Sometimes I find myself dreaming. And I know how that sounds, but I dream about home. So I’m dreaming about Detroit. But the Detroit I know doesn’t exist, and it never has. It’s a rose-colored heat-stroke of the brain and it all comes rushing back to me when I’m away. I get caught up in the fever of past-present-maybe Detroit all at once. Boarded-up houses and wheat line the neighborhood blocks, skyscrapers to the south. Steamy manhole covers and shattered windows. A Model T rolls down Gratiot next to someone carrying a boombox on a BMX bike. Wait for it.

I’ve heard that Justin Vernon once prefaced “Michicant” by saying it’s “about the things you can’t do anymore. So if you do you’ll be sent to West Michigan forever.” That’s probably true. I’ve never been to West Michigan, but I’ve also never known anyone who’s gone and come back. People drink their souls out of craft beer cans in Grand Rapids (we all have a high tolerance), or else they just fall off the shores into Lake Michigan. After all, no one goes to Muskegon for the beach.

The song begins with a twinkling. We’re all dreaming again. It’s soft and it’s warm and Justin Vernon says “I was unafraid, I was a boy, I was a tender age.” I am all bones — always have been. They jut out, especially my hips. “Tender” always sounds the way my bones feel. He says, “Melic in the naked, knew a lake and drew the lofts for page.” If someone asked you what Michigan sounds like, would you say a lake? Maybe that clip-clip-clip noise the roads make. Roads are the notes, the Lake is the song. Young skinny dippers in June is the dream. “And the frost took up the eyes,” he sings. It feels like the lake freezes over in September. I haven’t played in the lake since I was a kid. The frost always comes before I can get to it.

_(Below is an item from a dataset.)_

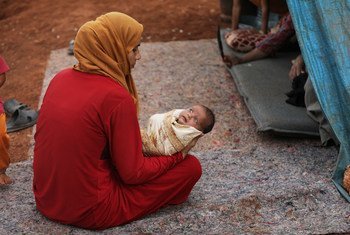 Семьи проводят ночи в лагерях, где нет ничего, кроме одеял и простыней, повешенных на деревьях. Военные действия в Сирии продолжаются. 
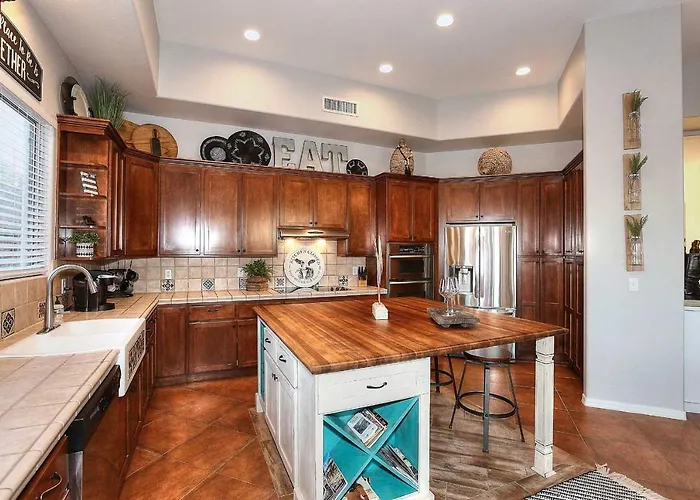 Heated Pool & Game Room! Upscale *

My best friend came home from California, where I have never been. I hear there are palm trees there. I also hear that the leaves don’t change color, they just fall off, like they’ve given up. Driving on the highway, cracks in the concrete shot sound up through the car like lightning strikes. “I’m looking for the green,” he said. I looked too, but it was all gray and brown. We listen to “Michicant” and watch the black pines blur together.

The second verse is just as dreamy and faraway as the first. A bicycle bell appears and suddenly I am 12, peddling down alleyways. “Pressed against the pane / Could see the veins and there was poison out.” I’ll only only ever be that little boy with his head pressed against the windowpane, looking at the rain poisoning his summer days. That rain hurts, though. It’s always freezing, popping ice droplets against the sidewalk. “Hon’, it wasn’t yet the spring,” Justin Vernon sings. He’s right. That never comes until late May when the last of the frost melts and the ground softens up. And there you are, left holding your swim trunks in your hand on the porch while the snow buries your car and “Michicant” is horns and something else that sounds too far away. 

Every spring, I feel like I’d never even seen an apple blossom before. They burst out, little pink explosions on the trees. All of a sudden, there are robins hopping all over the lawn and everything looks soaking wet. “Aiming and it sunk and we were drunk and we had fleshed it out / Nose up in the globes, you never know if you are passing out.” It’s Easter and my aunts are four glasses of wine deep, each of them. The twinkling gets louder on “Michicant,” a nostalgic wink and beat. “Love can hardly leave the room / With your heart.”

And your heart is still there, sweaty and eighteen, losing your virginity to a girl from Lansing in a dorm room so hot that the white-painted cinder block walls were wet. It’s all over and there’s frost on the windowpane of your heart and you just want to be home, naked and burning on the deserted lakeshore. “Michicant” was never about what you couldn’t do in Michigan. It’s about what you can’t do when you’ve left. You aren’t dreaming anymore. The song’s over. You’re really here. Is it how you imagined it? Wait for it.